| Image-text web data |
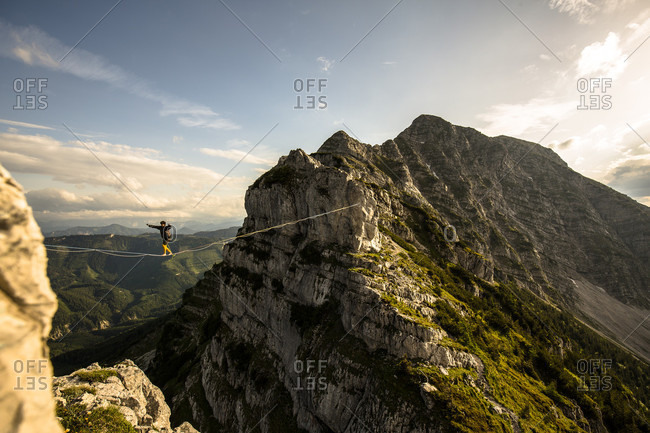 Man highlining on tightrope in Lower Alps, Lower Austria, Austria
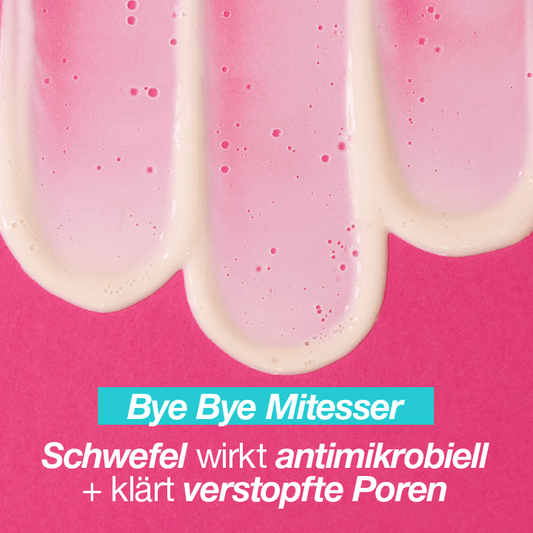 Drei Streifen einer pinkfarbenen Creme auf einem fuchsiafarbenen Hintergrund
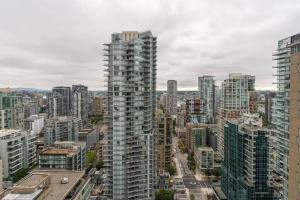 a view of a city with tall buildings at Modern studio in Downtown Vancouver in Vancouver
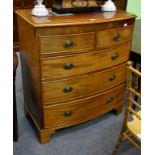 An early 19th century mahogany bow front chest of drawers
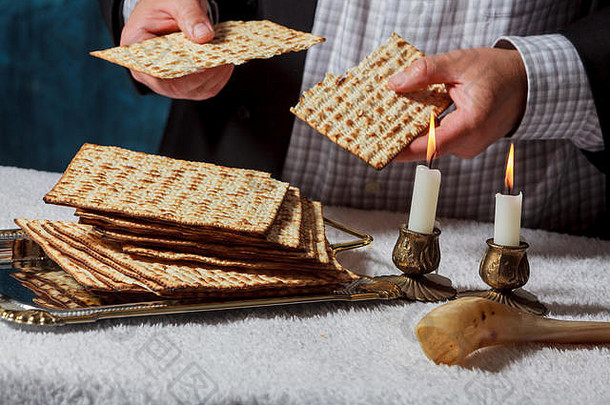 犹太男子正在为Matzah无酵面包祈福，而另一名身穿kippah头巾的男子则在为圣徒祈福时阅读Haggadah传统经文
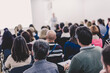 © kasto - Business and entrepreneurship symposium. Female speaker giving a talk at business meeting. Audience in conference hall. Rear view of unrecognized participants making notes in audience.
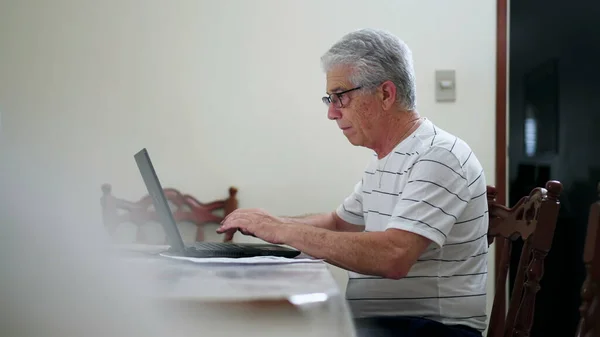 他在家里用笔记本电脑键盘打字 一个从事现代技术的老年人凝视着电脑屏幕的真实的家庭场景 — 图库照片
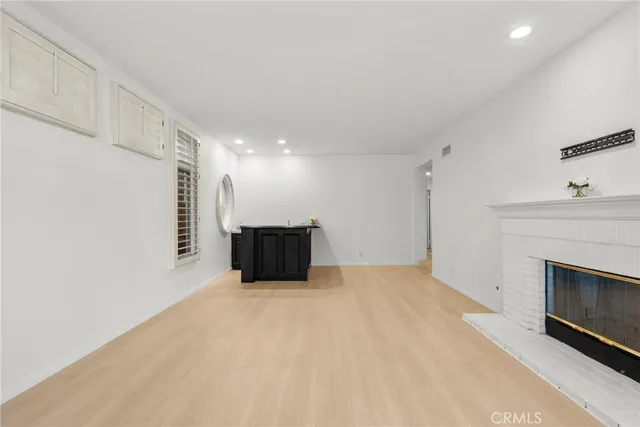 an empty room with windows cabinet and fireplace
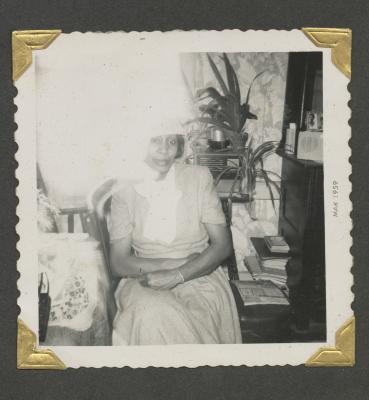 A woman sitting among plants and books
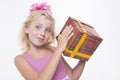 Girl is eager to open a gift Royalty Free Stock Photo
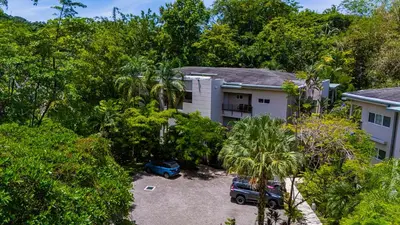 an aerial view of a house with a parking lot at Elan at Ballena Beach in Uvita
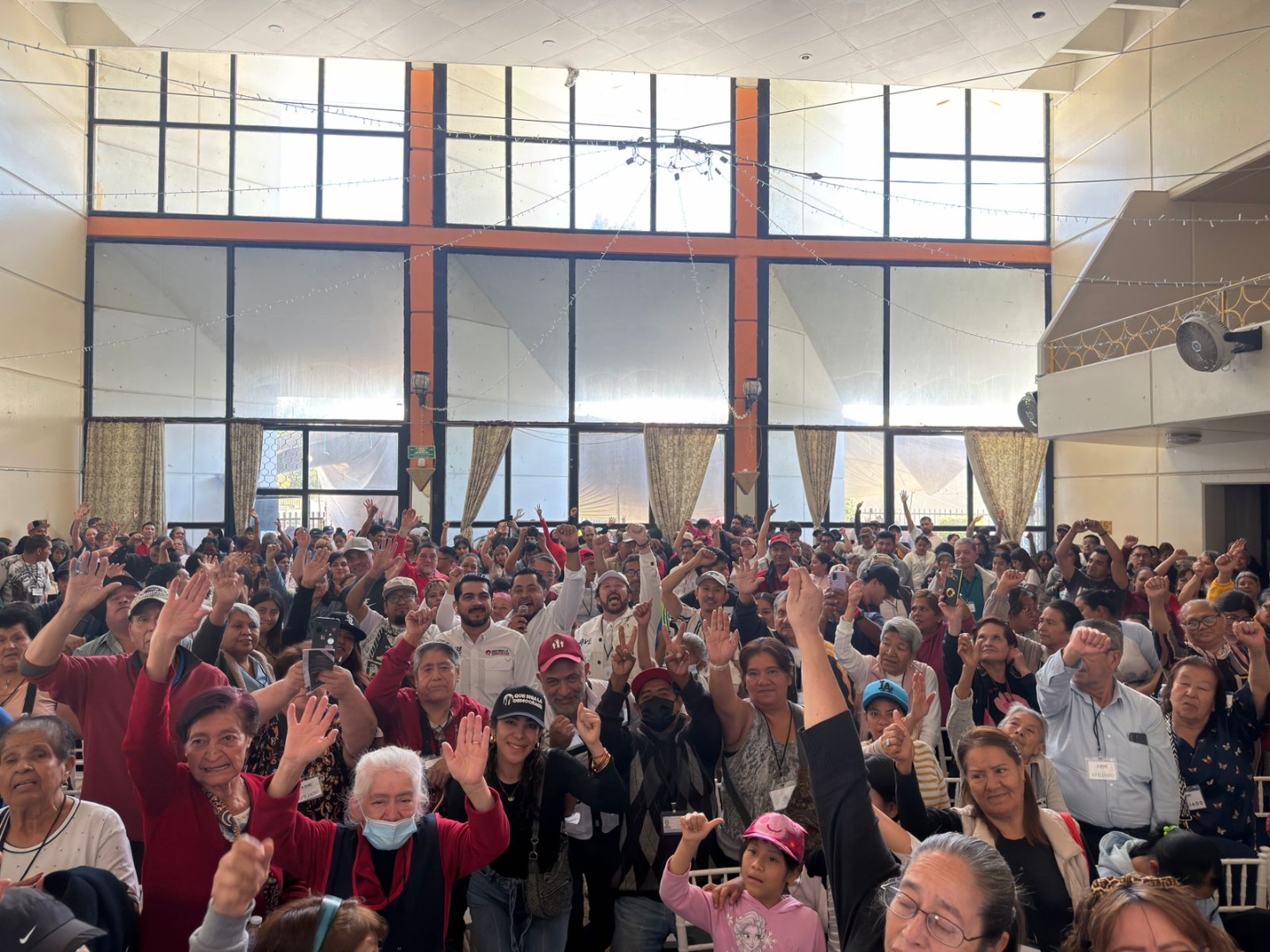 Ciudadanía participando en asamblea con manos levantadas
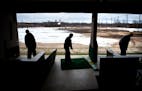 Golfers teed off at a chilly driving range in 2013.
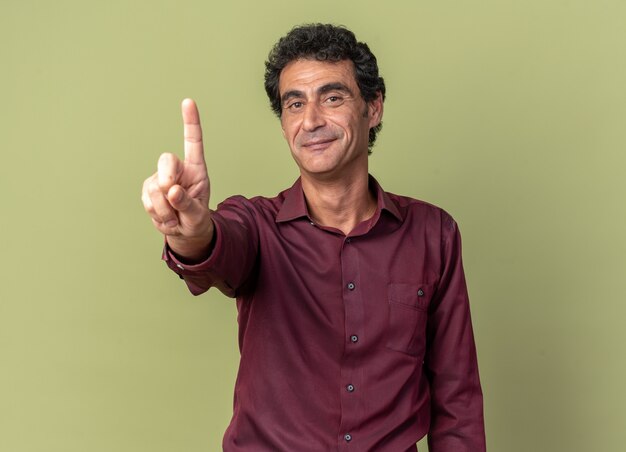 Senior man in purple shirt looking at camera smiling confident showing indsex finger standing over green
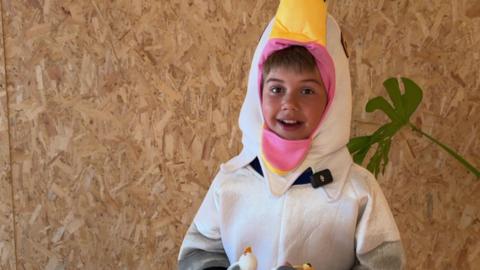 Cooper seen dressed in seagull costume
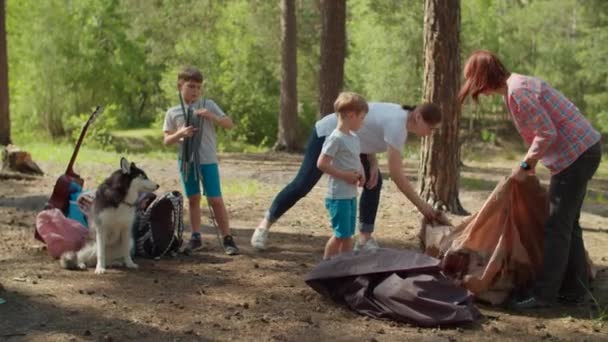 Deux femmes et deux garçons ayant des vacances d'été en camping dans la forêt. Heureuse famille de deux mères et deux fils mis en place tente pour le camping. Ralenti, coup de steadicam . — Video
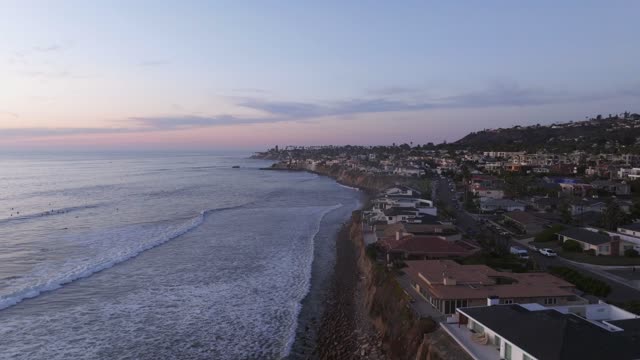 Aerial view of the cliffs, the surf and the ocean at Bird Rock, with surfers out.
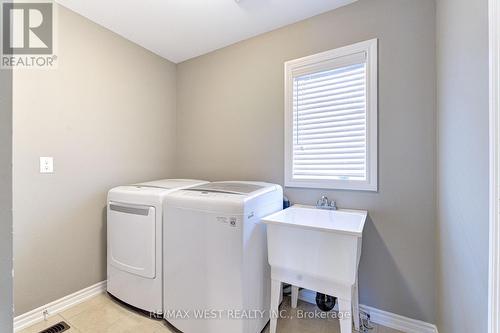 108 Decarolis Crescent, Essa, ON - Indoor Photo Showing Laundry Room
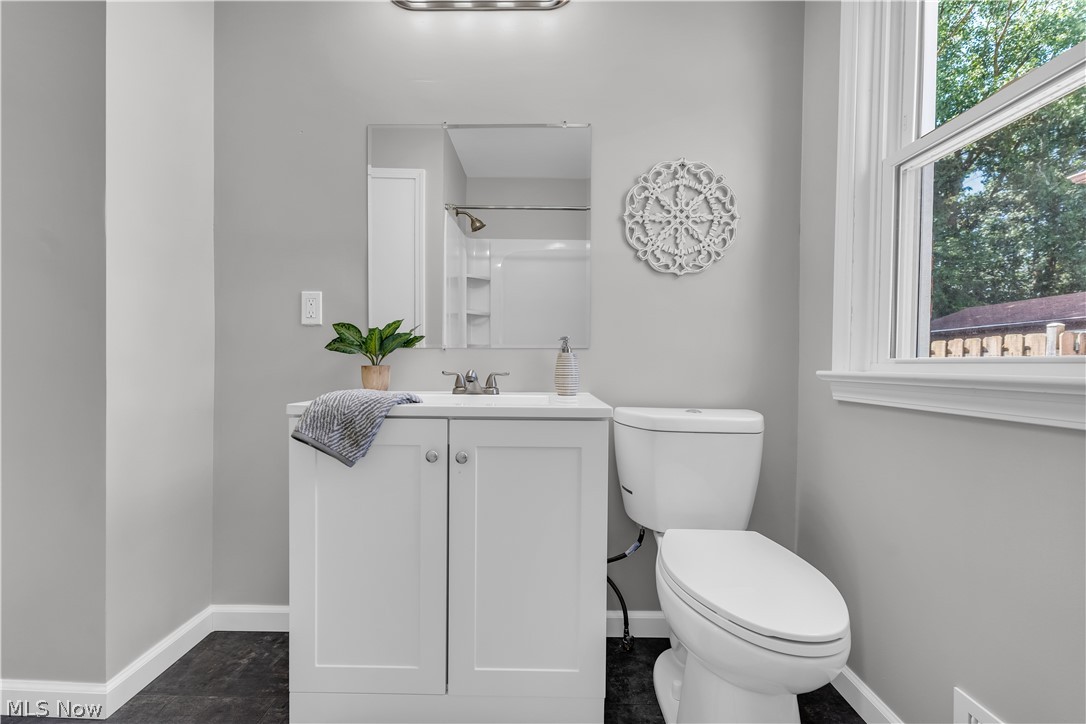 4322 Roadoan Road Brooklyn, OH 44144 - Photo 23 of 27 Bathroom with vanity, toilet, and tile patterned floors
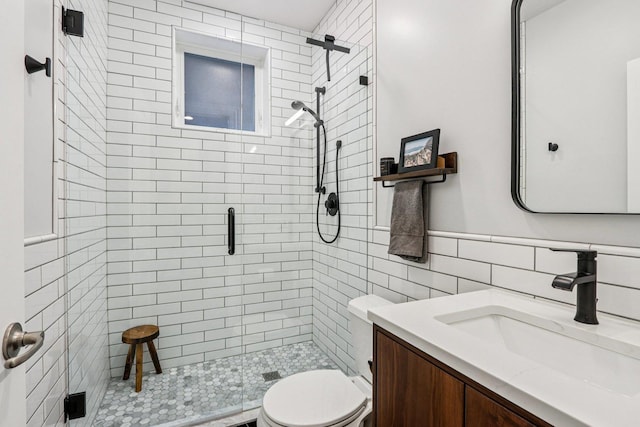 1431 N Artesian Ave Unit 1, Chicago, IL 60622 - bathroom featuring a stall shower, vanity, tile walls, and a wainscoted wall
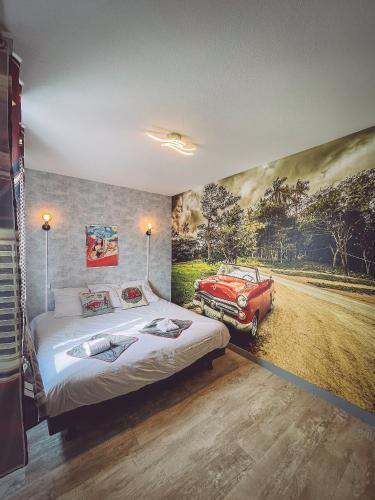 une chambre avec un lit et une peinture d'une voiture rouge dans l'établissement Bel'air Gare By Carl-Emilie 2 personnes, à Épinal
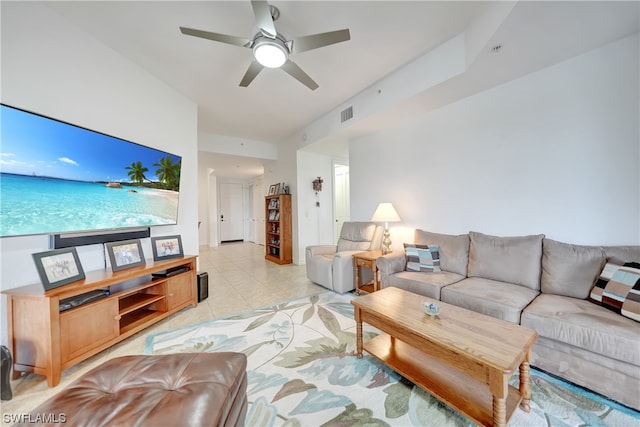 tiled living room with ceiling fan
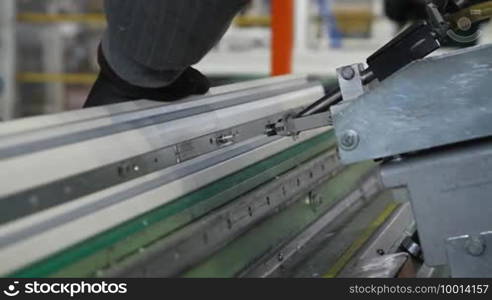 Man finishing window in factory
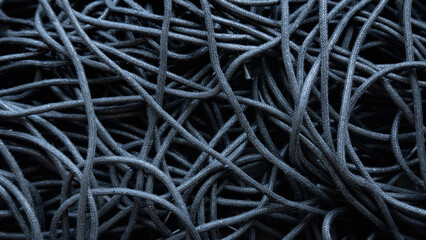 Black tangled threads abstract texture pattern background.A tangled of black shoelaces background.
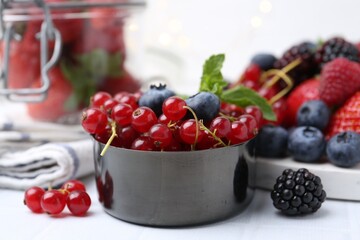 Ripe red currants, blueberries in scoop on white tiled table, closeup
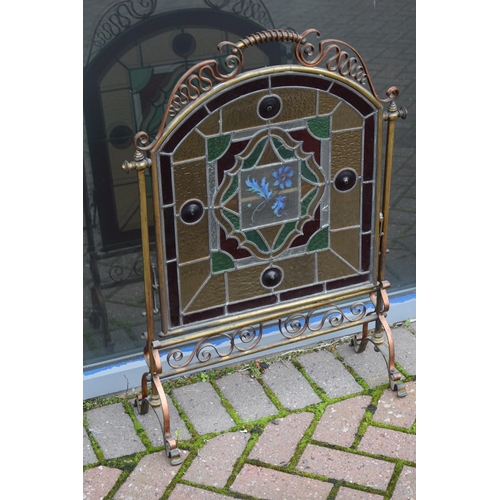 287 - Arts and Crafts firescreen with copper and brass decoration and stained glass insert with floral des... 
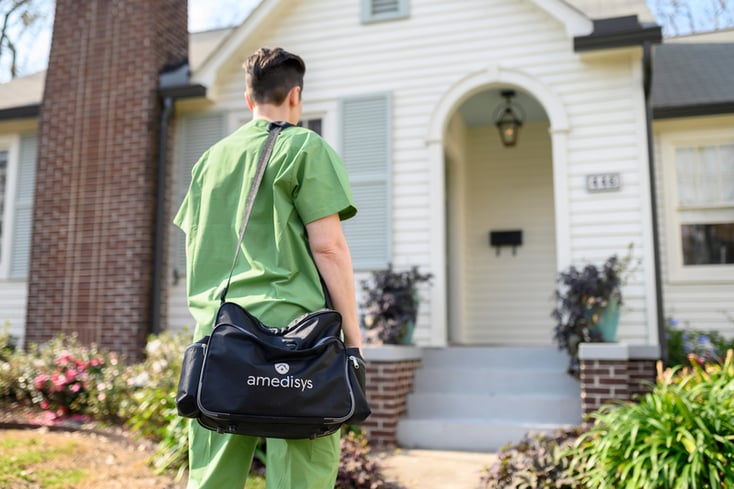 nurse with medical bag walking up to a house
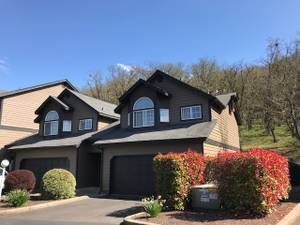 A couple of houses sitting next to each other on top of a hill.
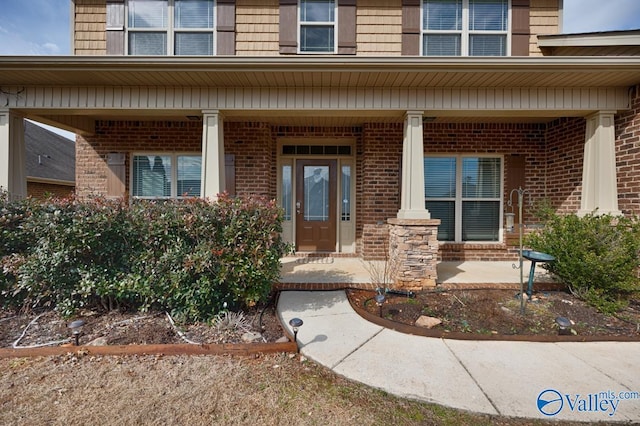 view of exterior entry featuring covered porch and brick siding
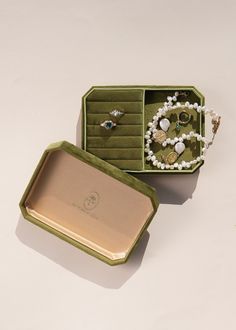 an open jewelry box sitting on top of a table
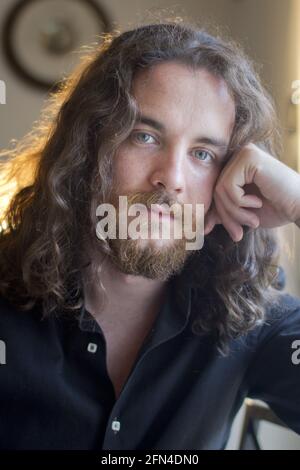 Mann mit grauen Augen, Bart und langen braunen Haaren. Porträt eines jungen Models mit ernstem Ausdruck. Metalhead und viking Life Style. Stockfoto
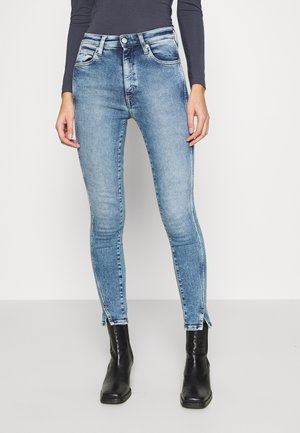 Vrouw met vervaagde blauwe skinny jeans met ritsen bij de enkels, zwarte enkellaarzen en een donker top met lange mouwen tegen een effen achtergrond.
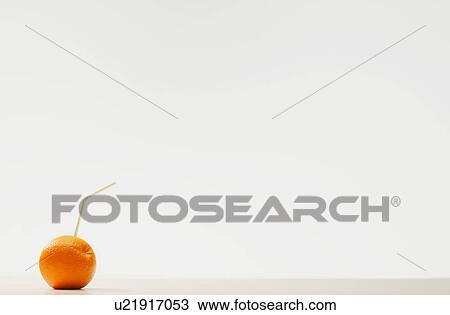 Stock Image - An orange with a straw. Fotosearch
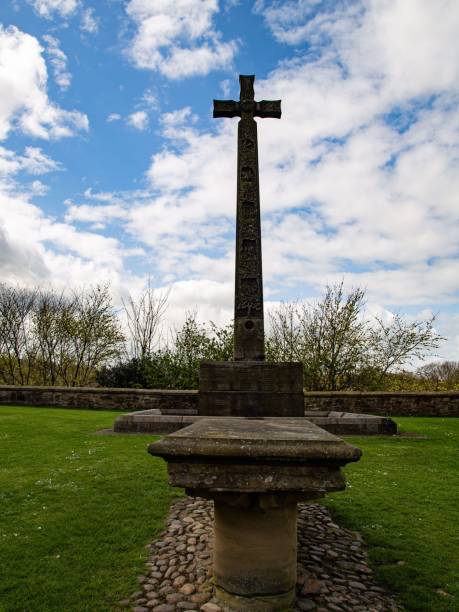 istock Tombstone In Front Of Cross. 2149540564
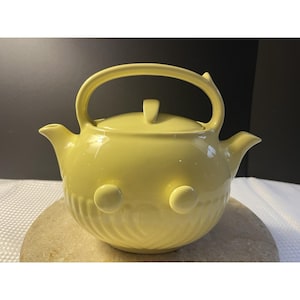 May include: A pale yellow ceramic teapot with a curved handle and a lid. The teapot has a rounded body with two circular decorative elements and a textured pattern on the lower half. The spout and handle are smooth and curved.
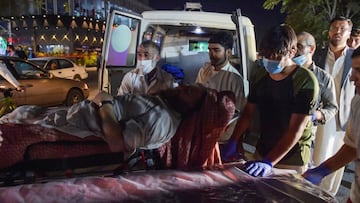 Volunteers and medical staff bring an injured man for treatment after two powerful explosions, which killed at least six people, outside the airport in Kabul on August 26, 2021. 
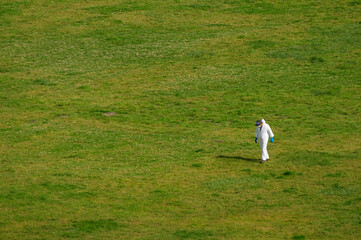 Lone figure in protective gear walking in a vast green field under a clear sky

| Exercise brief |
Using the entries above, reproduce word for word only the lines from the one that contains "a view of a" to the one that contains "108 Decarolis Crescent, Essa, ON", both ends included, and drop every picture.

| Task result |
 a view of a city with tall buildings at Modern studio in Downtown Vancouver in Vancouver
 An early 19th century mahogany bow front chest of drawers
 犹太男子正在为Matzah无酵面包祈福，而另一名身穿kippah头巾的男子则在为圣徒祈福时阅读Haggadah传统经文
 © kasto - Business and entrepreneurship symposium. Female speaker giving a talk at business meeting. Audience in conference hall. Rear view of unrecognized participants making notes in audience.
 他在家里用笔记本电脑键盘打字 一个从事现代技术的老年人凝视着电脑屏幕的真实的家庭场景 — 图库照片
 an empty room with windows cabinet and fireplace
 A woman sitting among plants and books
 Girl is eager to open a gift Royalty Free Stock Photo
 an aerial view of a house with a parking lot at Elan at Ballena Beach in Uvita
 Ciudadanía participando en asamblea con manos levantadas
 Golfers teed off at a chilly driving range in 2013.
 Senior man in purple shirt looking at camera smiling confident showing indsex finger standing over green
 Cooper seen dressed in seagull costume
 Deux femmes et deux garçons ayant des vacances d'été en camping dans la forêt. Heureuse famille de deux mères et deux fils mis en place tente pour le camping. Ralenti, coup de steadicam . — Video
 Aerial view of the cliffs, the surf and the ocean at Bird Rock, with surfers out.
 108 Decarolis Crescent, Essa, ON - Indoor Photo Showing Laundry Room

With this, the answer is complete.